Adolfo continued, “I don’t think it was any one thing that angered me. It was just the whole long, drawn-out process. Honestly, I’ve been following the stadium thing ever since 2000. For 15-plus years, just following the story, knowing all the ins and outs of it. To just, at the end, just really realize, Oh, he never really intended to stay here the whole time. It was just a charade. It was a bunch of bull crap. That’s what did me in.”
Adolfo has not only dropped off of the Chargers bandwagon, but also the entire National Football League wagon. He is particularly disgusted by the way the league is treating former San Francisco 49ers quarterback Colin Kaepernick due to the controversy surrounding his refusal to stand for the National Anthem during a series of games in 2016. He feels that Kaepernick is a “good dude” who can’t find a gig because he took a stand (by kneeling) for something that actually matters. He then compared Kaepernick’s situation to that of Joe Mixon, who was drafted by the Cincinnati Bengals in the second round of this year’s NFL draft. There is video of Mixon punching a woman in the face and knocking her unconscious in July 2014. At the time, he was a running back for the Oklahoma Sooners. Adolfo’s frustration centers on Kaepernick getting seemingly blackballed by the entire NFL for taking a moral stand while a talented young player who punched women in the face is welcomed with open arms by the league.
“In general, with the NFL, I’m sort of done with it, I guess,” Adolfo explained. “I guess I will be going to the bars to watch most of the games, but I won’t be getting Sunday Ticket anymore. I will not buy any jerseys for me. I won’t buy any NFL gear for me. I won’t go to games unless my wife wants to go. Her NFL fandom I will support — for her.”
He concluded: “The NFL just doesn’t give a shit about you. NFL equals ‘No Fan Love.’ It’s such a corporate thing. I’m disillusioned with the NFL and how it really does its business versus the way they tell you that it does its business. I’m just fed up with the hypocrisy.”

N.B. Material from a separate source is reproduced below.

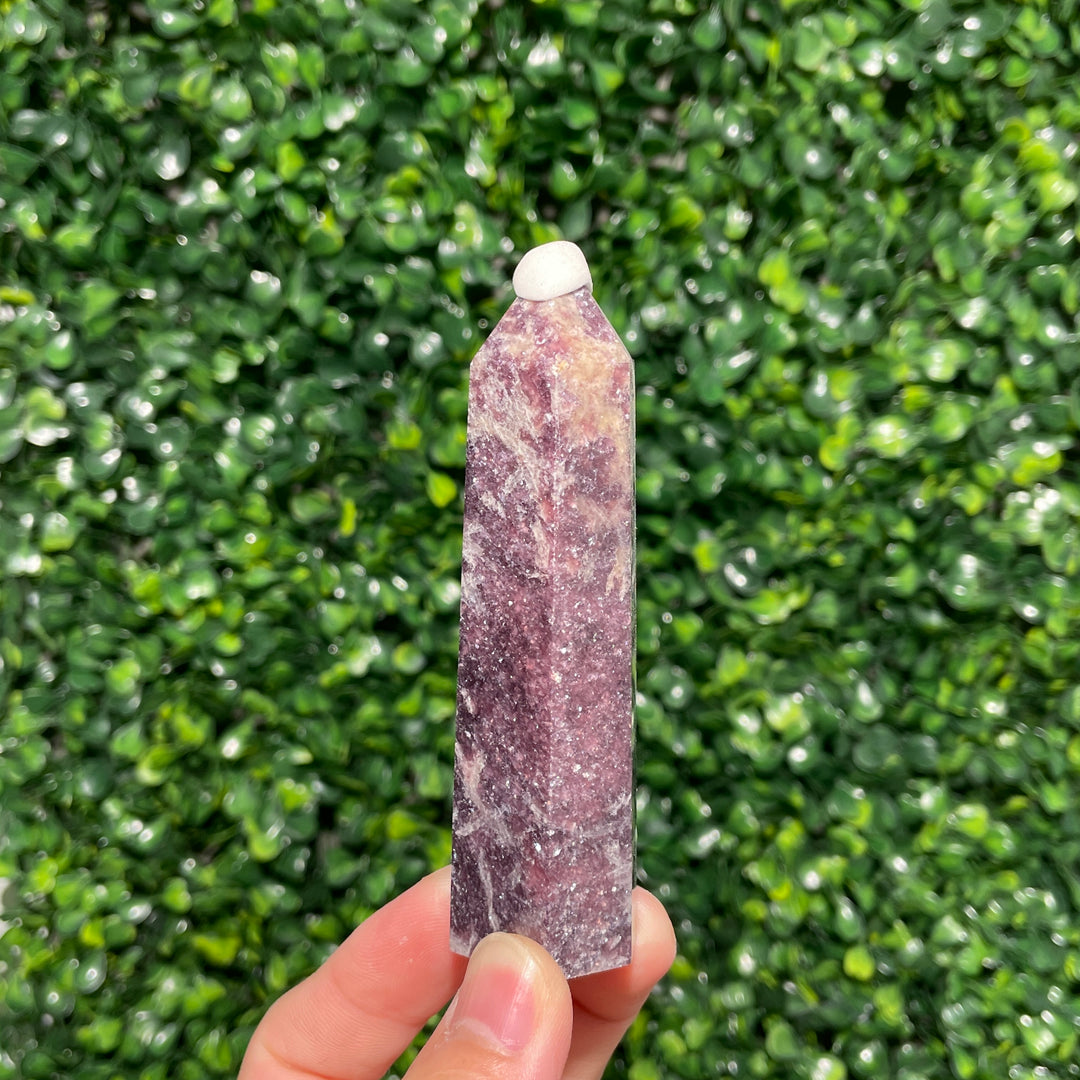 Lepidolite Point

So that’s one example of an individual who can be firmly placed in the “former” fan camp. Adolfo’s anti-Chargers slant certainly seemed to be the general vibe of the Chargers fans in San Diego shortly after the team announced that they would be leaving.

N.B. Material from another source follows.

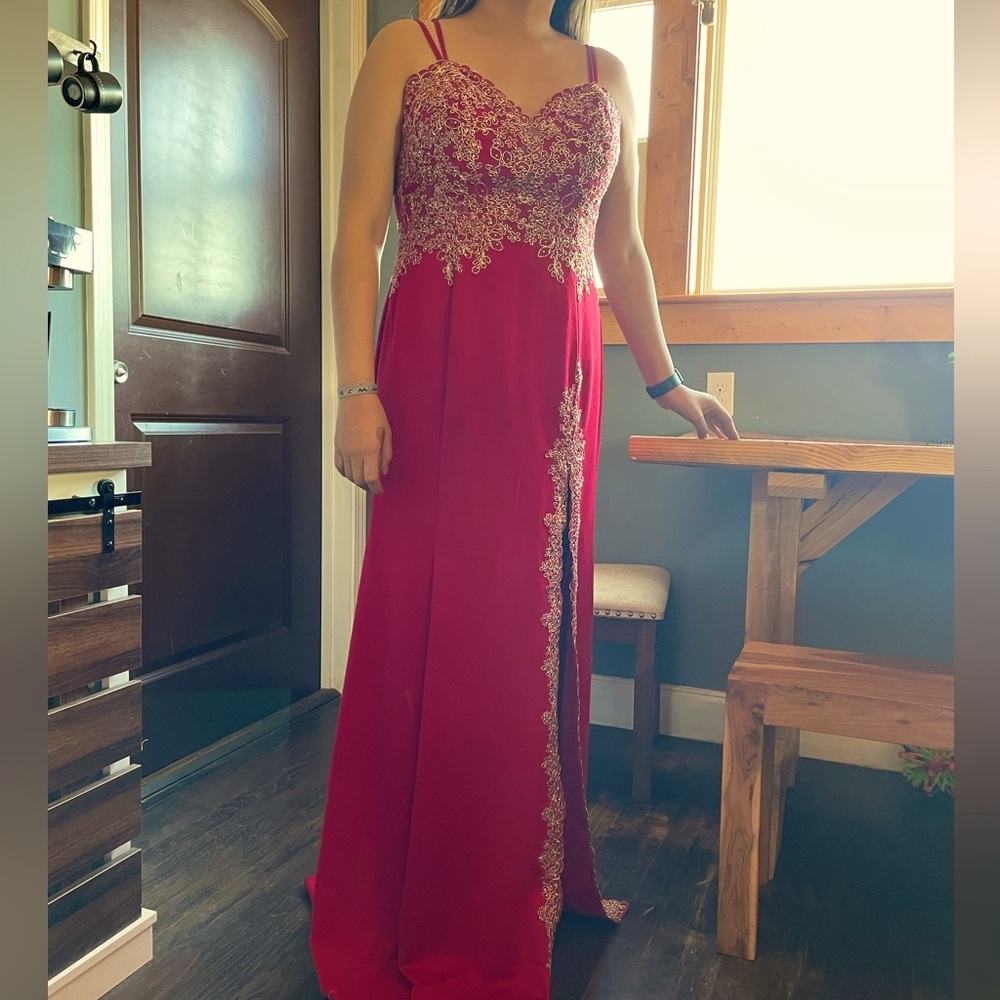 Cocktail Red and Gold Dress  size 2X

Though certain past losing seasons would have justified it for some, there hadn’t been a mass-burning of Chargers jerseys, merchandise, and memorabilia in front of the team’s offices in Murphy Canyon until January 2017, when the move was made official. To say the fans were unusually upset would be an understatement. But rewind to 2016, when the Chargers already seemed to have one foot out the door and were on their way to Los Angeles. The team had wiped any mention of “San Diego” off their official website before the NFL owners decided that the Rams would be getting the golden ticket to play in L.A. The Chargers were sent back to San Diego with their tail between their legs after striking out (at least the first time) with their L.A. fling.

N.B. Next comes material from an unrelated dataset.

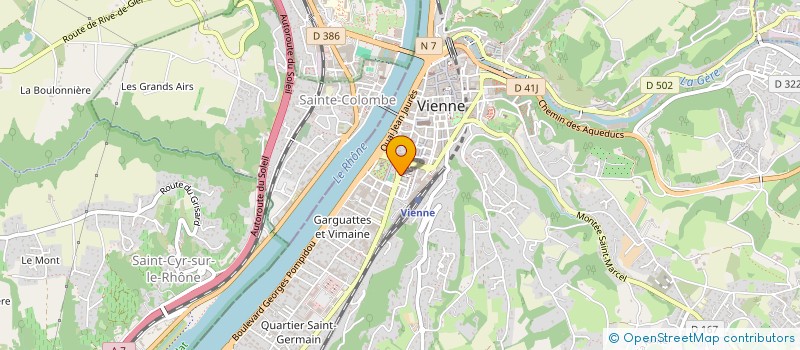 localisation de l'entreprise HOTEL ARCADE VIENNE à VIENNE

And yet the fans still took them back. Will lightning strike twice in this department? Are local Chargers fans hopping back on the team’s bandwagon?
“My personal feeling on it is that I was, obviously, like a lot of us, against Spanos and his decision to go to L.A.,” True North manager (and still Chargers fan) David Villanueva Cabal explained. “But now that time has gone by, we still need a team to root for. Me, as a San Diego fan, all I’ve ever known is to root for the Chargers.”